Fed Official says rate cuts could be needed next year to prevent over-tightening
A Federal Reserve official said it is appropriate for the central bank to begin looking ahead to lowering interest rates in 2024 because of how inflation has improved this year.
San Francisco Fed President Mary Daly said her outlook for interest rates and inflation was “very close” to the median of projections from 19 Fed officials last week. Most of them penciled in at least three rate cuts next year amid a faster decline in inflation than they anticipated.
“We’re acknowledging progress when progress is there,” Daly said in an interview Monday.
Daly said that if inflation continues its steady decline of recent months, the Fed’s benchmark interest rate “will still be quite restrictive even if we [cut rates] three times next year.”
Daly said she is watching the effect that restrictive policy has on the labor market. When the unemployment rate starts to rise, it tends to go up by a lot and not by only a little bit, Daly said. As a result, “we have to be forward looking and make sure that we don’t give people price stability but take away jobs.”
Daly said she thought interest-rate policy was in a “good place” to achieve that result. In a notable shift, she said the Fed’s focus now needed to turn toward paying attention to both sides of its mandate.
“There is more work to do, and at this point, that work includes not only focusing on bringing inflation down to 2%…but also recognizing that we want to continue to do this gently, with as few disruptions to the labor market as possible,” she said.
Government data released last week indicated very mild inflation in November as measured by the central bank’s preferred inflation gauge, which the Commerce Department will release on Friday. The figures suggest inflation excluding volatile food and energy costs will reach or even dip below 2% on a six-month annualized basis, and the 12-month rate could drop to 3.1% in November. The Fed targets 2% annual inflation.
Daly said rate cuts would be appropriate to prevent inflation-adjusted or “real” rates from rising by holding nominal rates steady as inflation declines.

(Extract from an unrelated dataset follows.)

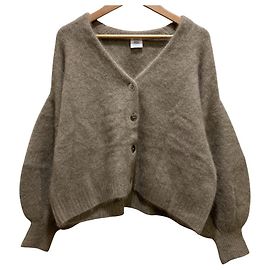 Autre Marque IENA LA BOUCLE Strick-Cardigan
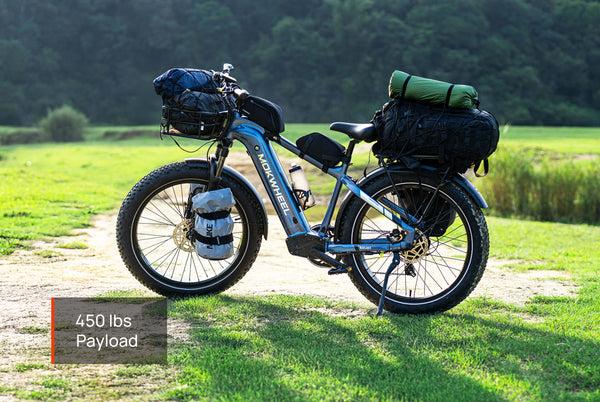 Basalt ST EbikeOrange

Allowing real rates to increase would create an elevated possibility “that we could over-tighten quite easily, and so that’s what I’m mindful of,” said Daly, who will become a voter on the Fed’s rate-setting committee next year.
Stocks surged and bond yields tumbled last week after the Fed held interest rates steady and officials projected three rate cuts for 2024. While Fed Chair Jerome Powell said it was too early to say the central bank was done raising rates, he fueled a rally when he also volunteered that officials were preparing to focus on when to lower rates.

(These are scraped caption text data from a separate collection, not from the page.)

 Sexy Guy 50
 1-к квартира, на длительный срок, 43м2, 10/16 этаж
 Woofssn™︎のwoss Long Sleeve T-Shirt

His comments sent investors in interest-rate futures markets to increase their bets on earlier and deeper rate cuts next year.
Daly said it was too soon to speculate at which meetings the Fed might change its policy stance next year. “Right now, I’m really focused on how well things have evolved in 2023,” she said.
While much of the initial decline in inflation this summer stemmed from supply-chain healing, more recent declines appear to have been driven by a cooling in demand-driven components, she said.
A model maintained by the San Francisco Fed suggests two thirds of the decline in core inflation had been related to changes in demand. “To me, that’s a material development,” said Daly. “That means we have monetary policy working.”
Daly said it was possible inflation could show greater signs of persistence in the months ahead and that the economic outlook could shift in a way that would call for the Fed to keep rates higher for longer. On the other hand, inflation could decline more rapidly or the labor market could weaken more meaningfully than it has, justifying easier policy, she said.